11. Eiser voert verder aan dat het hem niet duidelijk was hoe hij had kunnen weten dat verweerder voor de bijtelling het gebruik van de beide auto’s in een belastingjaar bij elkaar optelt, ofschoon volgens hem voor beide auto’s een geheel ander fiscaal regime geldt. Hij is er nooit op gewezen, noch op de website van de belastingdienst, noch via zijn werkgever, noch bij de levering van [AUTOMERK B] dat hij alsnog geconfronteerd zou kunnen worden met een bijtelling over de periode dat hij in [AUTOMERK A] reed als hij geen sluitende kilometerregistratie zou bijhouden voor [AUTOMERK B]. Een bijtelling als hier het geval is voor veel mensen onbegrijpelijk. Het had op de weg van de fiscus gelegen zijn beleid op dit punt, te weten dat er een verschil in fiscale behandeling bestaat tussen een auto met een
0%-bijtelling en een privéauto, bijvoorbeeld via zijn website duidelijk kenbaar te maken. Twee afzonderlijk geraadpleegde belastingadviseurs kenden de uitwerking van deze regeling zoals verweerder die voorstaat evenmin, aldus nog steeds eiser.

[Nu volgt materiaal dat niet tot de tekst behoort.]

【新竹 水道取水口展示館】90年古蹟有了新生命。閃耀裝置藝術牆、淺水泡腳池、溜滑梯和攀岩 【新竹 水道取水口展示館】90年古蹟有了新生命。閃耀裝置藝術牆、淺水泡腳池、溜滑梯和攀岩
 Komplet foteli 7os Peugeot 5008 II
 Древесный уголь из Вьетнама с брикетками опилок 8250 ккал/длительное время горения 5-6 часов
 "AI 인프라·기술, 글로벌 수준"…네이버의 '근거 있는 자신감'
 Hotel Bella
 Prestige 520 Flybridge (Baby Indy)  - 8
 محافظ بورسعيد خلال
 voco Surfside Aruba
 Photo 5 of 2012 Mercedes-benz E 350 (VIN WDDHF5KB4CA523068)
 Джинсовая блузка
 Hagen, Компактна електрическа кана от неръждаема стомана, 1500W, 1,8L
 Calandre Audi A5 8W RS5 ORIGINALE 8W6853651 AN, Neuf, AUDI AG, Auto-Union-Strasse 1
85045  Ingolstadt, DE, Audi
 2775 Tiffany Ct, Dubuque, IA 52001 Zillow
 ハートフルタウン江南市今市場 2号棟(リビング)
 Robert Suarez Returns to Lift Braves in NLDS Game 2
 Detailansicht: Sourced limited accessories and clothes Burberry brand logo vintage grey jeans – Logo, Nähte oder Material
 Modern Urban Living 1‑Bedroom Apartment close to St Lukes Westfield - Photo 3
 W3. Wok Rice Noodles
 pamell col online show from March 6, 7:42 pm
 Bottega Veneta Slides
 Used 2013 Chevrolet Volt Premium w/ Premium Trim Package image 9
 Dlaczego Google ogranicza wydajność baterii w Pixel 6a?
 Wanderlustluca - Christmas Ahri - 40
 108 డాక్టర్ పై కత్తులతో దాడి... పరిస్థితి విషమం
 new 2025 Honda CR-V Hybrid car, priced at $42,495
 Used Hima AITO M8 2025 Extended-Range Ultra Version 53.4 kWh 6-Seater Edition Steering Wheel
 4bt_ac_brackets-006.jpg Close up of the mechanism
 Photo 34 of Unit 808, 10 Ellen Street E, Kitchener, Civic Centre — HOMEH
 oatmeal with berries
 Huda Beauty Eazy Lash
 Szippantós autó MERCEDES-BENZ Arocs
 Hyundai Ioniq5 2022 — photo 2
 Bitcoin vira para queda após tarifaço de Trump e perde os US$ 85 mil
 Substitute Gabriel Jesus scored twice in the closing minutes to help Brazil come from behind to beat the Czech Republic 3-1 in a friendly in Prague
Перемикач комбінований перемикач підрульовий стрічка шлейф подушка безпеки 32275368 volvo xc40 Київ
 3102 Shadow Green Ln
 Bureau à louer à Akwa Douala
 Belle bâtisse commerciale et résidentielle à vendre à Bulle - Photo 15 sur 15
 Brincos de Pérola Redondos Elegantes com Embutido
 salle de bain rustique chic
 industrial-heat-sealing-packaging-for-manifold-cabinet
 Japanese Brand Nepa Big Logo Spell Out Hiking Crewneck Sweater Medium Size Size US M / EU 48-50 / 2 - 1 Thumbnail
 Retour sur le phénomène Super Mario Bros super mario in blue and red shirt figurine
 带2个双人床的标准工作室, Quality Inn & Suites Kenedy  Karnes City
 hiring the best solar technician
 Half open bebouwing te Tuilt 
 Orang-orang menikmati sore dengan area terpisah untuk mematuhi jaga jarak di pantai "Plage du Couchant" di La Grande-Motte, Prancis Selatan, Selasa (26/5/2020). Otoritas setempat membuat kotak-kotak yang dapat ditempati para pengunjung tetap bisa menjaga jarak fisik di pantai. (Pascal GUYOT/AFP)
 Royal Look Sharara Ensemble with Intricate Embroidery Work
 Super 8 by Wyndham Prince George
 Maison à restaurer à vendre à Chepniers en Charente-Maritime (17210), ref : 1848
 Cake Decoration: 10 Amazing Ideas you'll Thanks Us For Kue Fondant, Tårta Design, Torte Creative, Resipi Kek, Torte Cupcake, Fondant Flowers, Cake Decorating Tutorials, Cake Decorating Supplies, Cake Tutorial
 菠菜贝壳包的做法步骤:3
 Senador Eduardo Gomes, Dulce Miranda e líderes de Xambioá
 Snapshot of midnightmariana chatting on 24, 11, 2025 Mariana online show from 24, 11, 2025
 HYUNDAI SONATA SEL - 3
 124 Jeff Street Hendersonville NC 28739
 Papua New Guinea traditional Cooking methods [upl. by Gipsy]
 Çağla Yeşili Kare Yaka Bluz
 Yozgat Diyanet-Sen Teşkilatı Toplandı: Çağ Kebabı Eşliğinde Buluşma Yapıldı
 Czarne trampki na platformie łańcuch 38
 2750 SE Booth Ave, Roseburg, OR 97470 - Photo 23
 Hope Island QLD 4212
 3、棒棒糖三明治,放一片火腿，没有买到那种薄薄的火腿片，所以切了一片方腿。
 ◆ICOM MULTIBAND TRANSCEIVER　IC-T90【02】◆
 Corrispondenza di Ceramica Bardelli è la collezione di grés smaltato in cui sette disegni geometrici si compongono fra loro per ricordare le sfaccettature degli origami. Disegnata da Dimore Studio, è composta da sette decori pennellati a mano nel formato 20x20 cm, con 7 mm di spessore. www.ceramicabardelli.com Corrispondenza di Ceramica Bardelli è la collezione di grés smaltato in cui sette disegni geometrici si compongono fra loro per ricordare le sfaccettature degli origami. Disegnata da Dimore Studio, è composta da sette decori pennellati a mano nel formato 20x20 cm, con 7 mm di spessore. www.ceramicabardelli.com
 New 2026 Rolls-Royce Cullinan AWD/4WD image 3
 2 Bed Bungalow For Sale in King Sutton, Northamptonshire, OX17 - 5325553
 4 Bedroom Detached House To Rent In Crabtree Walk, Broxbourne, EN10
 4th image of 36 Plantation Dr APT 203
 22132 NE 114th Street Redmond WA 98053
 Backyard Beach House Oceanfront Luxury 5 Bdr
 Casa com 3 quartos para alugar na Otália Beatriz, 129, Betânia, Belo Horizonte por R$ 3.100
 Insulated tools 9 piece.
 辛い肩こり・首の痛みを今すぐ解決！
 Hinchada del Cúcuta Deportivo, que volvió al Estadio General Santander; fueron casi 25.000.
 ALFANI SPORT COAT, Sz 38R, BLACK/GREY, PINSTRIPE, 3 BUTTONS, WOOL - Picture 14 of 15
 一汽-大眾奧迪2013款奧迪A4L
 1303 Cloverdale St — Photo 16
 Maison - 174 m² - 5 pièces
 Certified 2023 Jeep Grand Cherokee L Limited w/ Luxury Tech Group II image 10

12. De stelling van eiser dat het op de weg van verweerder had gelegen de regeling op dit punt duidelijk kenbaar te maken, is in zijn algemeenheid onjuist. Een belastingschuld vloeit rechtstreeks voort uit de wet en niet uit beleid van verweerder. Er kan dan ook geen sprake zijn van door verweerder gewekt vertrouwen. Van gewekt vertrouwen kan eerst sprake zijn bij een expliciete standpuntbepaling door verweerder ten opzichte van eiser. Daarvan is hier niet gebleken.

13. Het ligt voorts op de weg van eiser, indien hij van een bepaalde regeling gebruik wil maken, te informeren naar de precieze inhoud en werking van de betreffende regeling.

Verweerder heeft hierbij erop gewezen dat de regelgeving inzake privégebruik auto is vastgelegd in de Wet op de loonbelasting 1964 en dat eiser zo nodig informatie hierover kan verkrijgen via de belastingtelefoon en de website van de belastingdienst. Verder staat volgens verweerder de regeling bijtelling privégebruik auto beschreven op de door eiser ondertekende aanvraag van de Verklaring en wordt deze regeling ook uitgelegd in de brochure welke eiser gelijk met de Verklaring ontvangen heeft. Op het door eiser gedownloade formulier “Wijziging of intrekking Loonheffingen Verklaring geen privégebruik auto” staat dat de mogelijkheid bestaat dat als de verklaring wordt ingetrokken met terugwerkende kracht loonbelasting/premie volksverzekeringen en inkomensafhankelijke bijdrage Zorgverzekeringswet moet worden betaald voor het voordeel van het privégebruik, aldus verweerder.

Eiser heeft een en ander niet dan wel onvoldoende weersproken. Onder deze omstandigheden kan volgens de rechtbank niet worden gezegd dat de bijtellingsregeling onvoldoende kenbaar voor eiser was dan wel kon zijn.

14. Gelet op het hiervoor overwogene dient het beroep ongegrond te worden verklaard.

Proceskosten

Bij deze uitkomst van het geding ziet de rechtbank geen aanleiding voor een proceskostenveroordeling.